_REQUIRED WORK_.
Print the data below exactly as it stands, and keep the pictures out.

(RECORDED DATA Opens)

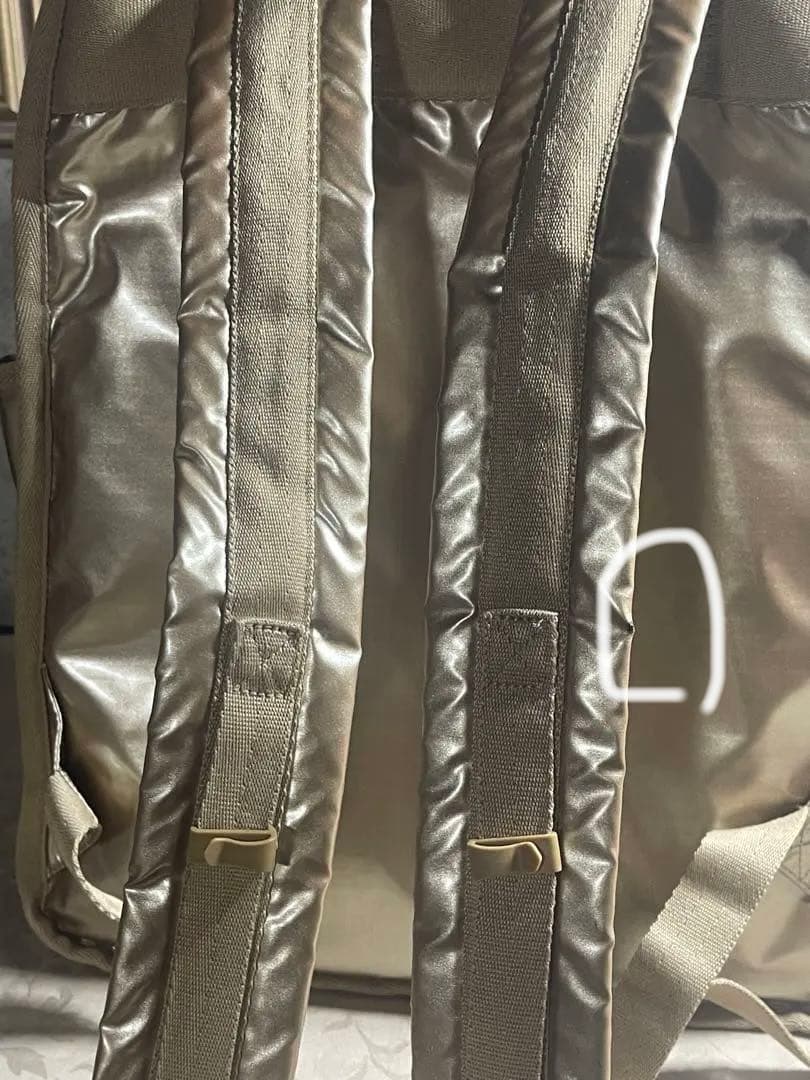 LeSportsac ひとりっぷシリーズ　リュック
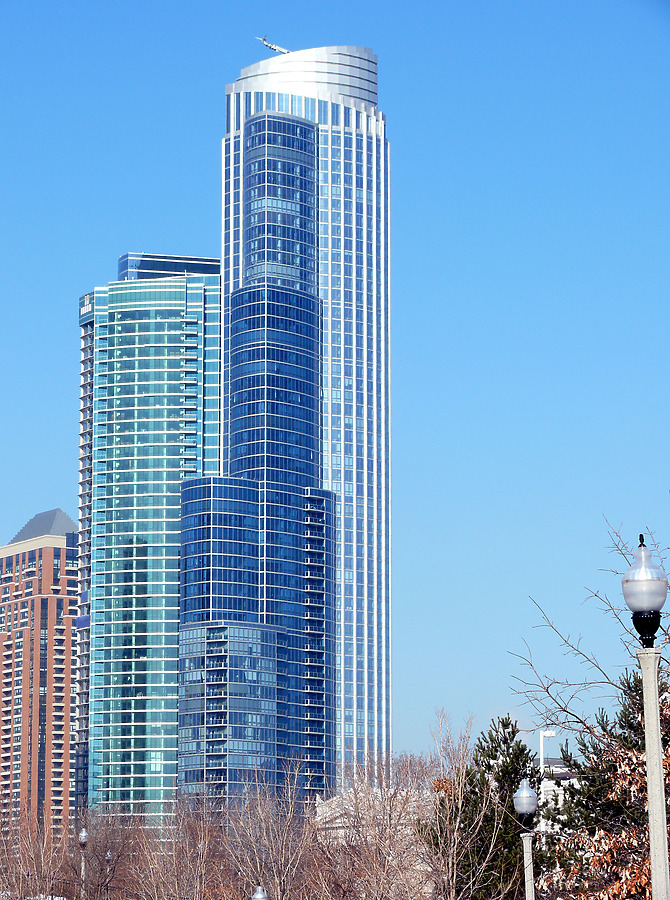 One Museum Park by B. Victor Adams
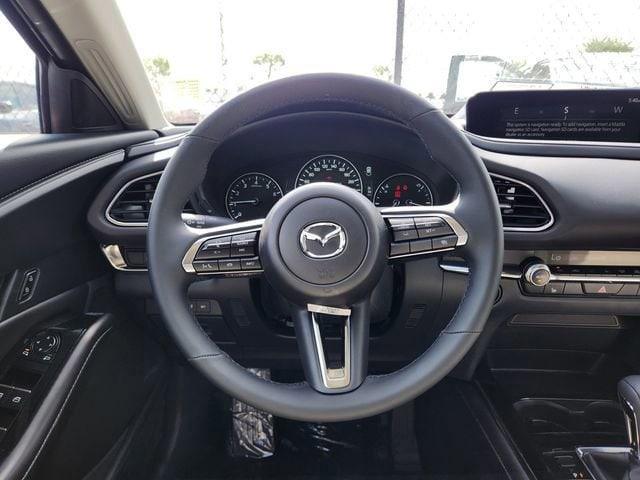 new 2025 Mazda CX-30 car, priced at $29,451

(RECORDED DATA Closes)

_ANSWER TO THIS PROBLEM_.
 LeSportsac ひとりっぷシリーズ　リュック
 One Museum Park by B. Victor Adams
 new 2025 Mazda CX-30 car, priced at $29,451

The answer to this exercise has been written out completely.